Há menos dinheiro para a Saúde por diversas razões: por imposição de Bruxelas, há que respeitar as disposições do Pacto Orçamental; por opção abertamente política de favorecer os negócios dos privados degradando os serviços públicos, degradação essa que servirá de pretexto justificativo. Assim se explica que o número de cirurgias tenha aumentado em 2018, atingindo o valor mais alto de sempre, com quase 595.000 doentes operados no SNS, mas um crescimento que se deveu sobretudo ao recurso aos privados e sector social, portanto, na realidade fora do referido SNS – Relatório Anual de Acesso aos Cuidados de Saúde nos Estabelecimentos do SNS e Entidades Convencionadas relativo a 2018.

Ora, a actividade cirúrgica que é da responsabilidade do SNS reparte-se, pelos vistos, entre hospitais do SNS, que incluem Entidades Públicas Empresarias, Sector Público Administrativo e Parcerias Público-Privadas (responsáveis por 89,0% da produção total), e os hospitais protocolados (5,8%) e hospitais convencionados (5,2%), como todos eles fossem já Serviço Nacional de Saúde. Para o relatório e os órgãos de comunicação social do regime parece que sim. Será importante referir que a Lei de Bases da Saúde abre a porta a toda espécie de parcerias e de acordos com os privados, daí não ter havido qualquer alarido por parte dos negociantes da saúde e do PR ter promulgado a lei sem grandes objecções.

(...)

A Saúde é para a maioria dos portugueses uma prioridade, mas já o não é para o governo, e os números estão aí presentes, bem como tudo o que lhe está relacionado, como ficou demonstrado pelo o que atrás foi dito. Então, esperemos, sentados, pela reivindicação da paternidade por parte do BE e do PCP destes incontornáveis “benefícios”, que são de inteira responsabilidade do governo geringonça, mais preocupado com o défice tendencialmente zero das contas públicas e do pagamento de uma dívida pública, que não pára de crescer (o governo conta que suba só 3,475 mil milhões de euros este ano!). Pagamento que, para o governo e Bruxelas, deve ser assegurado pelo povo português para que este ou outro governo qualquer que venha seguir, beneficiando do crédito, continue na política de endividamento sem fim do qual o povo pouco ou nada beneficia.
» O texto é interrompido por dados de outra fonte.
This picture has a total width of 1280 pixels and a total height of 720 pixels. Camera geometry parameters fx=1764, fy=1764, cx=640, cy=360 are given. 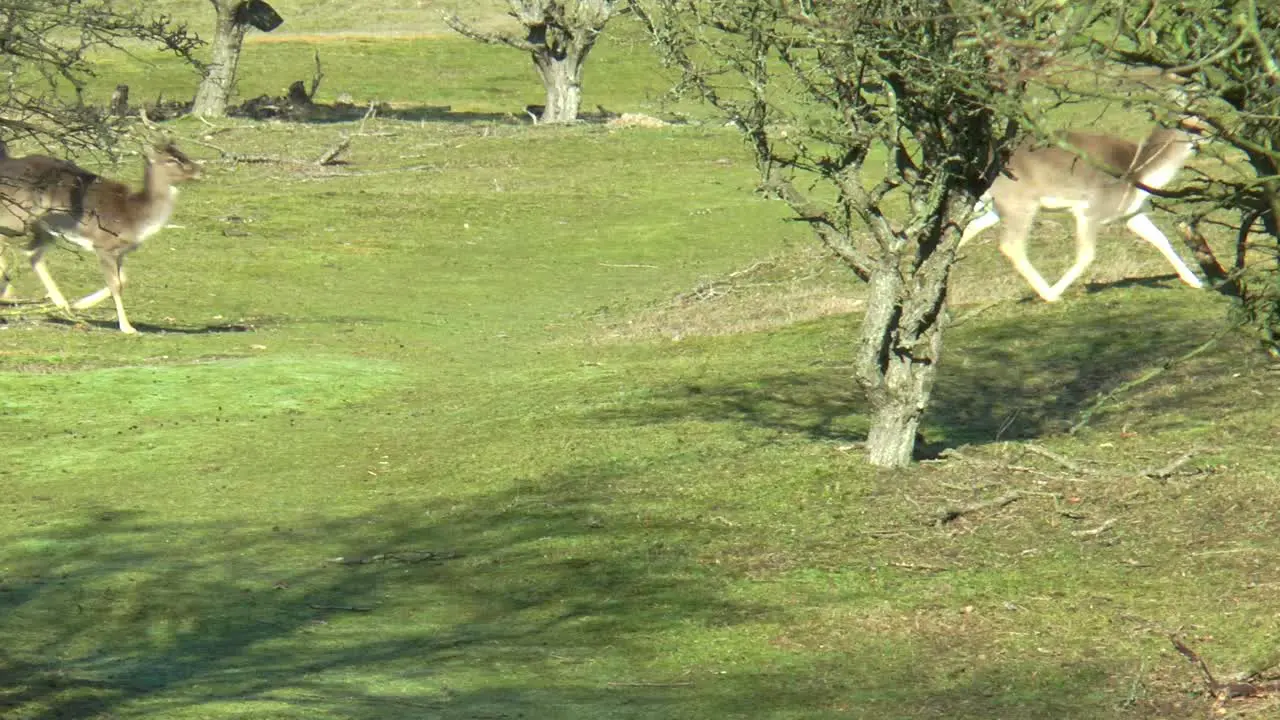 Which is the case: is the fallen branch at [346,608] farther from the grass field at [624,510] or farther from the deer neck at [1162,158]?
the deer neck at [1162,158]

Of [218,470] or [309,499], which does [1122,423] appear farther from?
[218,470]

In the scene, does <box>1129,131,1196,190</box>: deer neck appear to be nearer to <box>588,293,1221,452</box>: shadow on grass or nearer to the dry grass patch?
<box>588,293,1221,452</box>: shadow on grass

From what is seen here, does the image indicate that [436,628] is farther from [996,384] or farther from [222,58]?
[222,58]

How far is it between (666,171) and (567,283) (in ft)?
44.0

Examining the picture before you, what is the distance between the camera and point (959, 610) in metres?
10.2

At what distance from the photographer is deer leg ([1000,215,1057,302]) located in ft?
65.1

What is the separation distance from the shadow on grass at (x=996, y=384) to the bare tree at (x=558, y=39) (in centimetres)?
3270

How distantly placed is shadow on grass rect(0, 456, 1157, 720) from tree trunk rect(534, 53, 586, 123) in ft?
136

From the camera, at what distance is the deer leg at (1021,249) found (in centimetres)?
1983

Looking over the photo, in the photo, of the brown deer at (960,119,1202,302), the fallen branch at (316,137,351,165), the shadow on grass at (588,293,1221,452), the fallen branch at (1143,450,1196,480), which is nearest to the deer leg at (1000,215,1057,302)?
the brown deer at (960,119,1202,302)

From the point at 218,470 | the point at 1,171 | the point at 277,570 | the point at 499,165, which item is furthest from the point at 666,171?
the point at 277,570

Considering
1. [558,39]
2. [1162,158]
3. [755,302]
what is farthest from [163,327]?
[558,39]

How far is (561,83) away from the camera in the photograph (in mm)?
54438

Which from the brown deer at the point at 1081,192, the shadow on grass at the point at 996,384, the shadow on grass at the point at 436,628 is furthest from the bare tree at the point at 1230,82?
the brown deer at the point at 1081,192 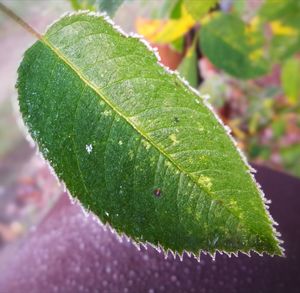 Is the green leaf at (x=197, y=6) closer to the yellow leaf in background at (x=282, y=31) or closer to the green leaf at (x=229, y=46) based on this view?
the green leaf at (x=229, y=46)

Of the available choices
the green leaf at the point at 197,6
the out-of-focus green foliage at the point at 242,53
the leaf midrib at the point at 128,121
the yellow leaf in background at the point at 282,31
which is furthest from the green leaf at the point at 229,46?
the leaf midrib at the point at 128,121

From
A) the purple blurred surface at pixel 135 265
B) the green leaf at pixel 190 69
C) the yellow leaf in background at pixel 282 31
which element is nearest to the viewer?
the purple blurred surface at pixel 135 265

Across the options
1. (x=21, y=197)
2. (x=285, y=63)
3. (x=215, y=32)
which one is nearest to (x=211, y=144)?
(x=215, y=32)

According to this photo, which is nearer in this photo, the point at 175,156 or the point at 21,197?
the point at 175,156

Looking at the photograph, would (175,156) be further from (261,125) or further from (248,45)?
(261,125)

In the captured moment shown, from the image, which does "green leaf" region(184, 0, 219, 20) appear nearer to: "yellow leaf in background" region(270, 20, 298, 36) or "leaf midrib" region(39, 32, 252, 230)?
"leaf midrib" region(39, 32, 252, 230)

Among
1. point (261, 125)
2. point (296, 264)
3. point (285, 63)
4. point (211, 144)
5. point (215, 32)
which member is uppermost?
point (211, 144)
não pagamento de um dívida soberana odiosa é um imperativo nacional, sendo a sua suspensão uma medida imediata a ser tomada no dia 7 de Outubro até que se realize uma auditoria pública e independente para se determinar o grau de ilegitimidade e de ilegalidade. O não respeito pelas regras do Pacto Orçamental é outra urgência a fim de se libertar investimento para a Saúde, Educação, Habitação para o povo e Segurança Social. O bem-estar do povo e dos trabalhadores é a prioridade máxima . E esta deve ser o elemento de aferição dos partidos que se apresentam às eleições no próximo dia 6 de Outubro. Se para tal for necessário, como será com certeza, sair da União Europeia (concomitantemente do euro) que se saia, e se o diga abertamente.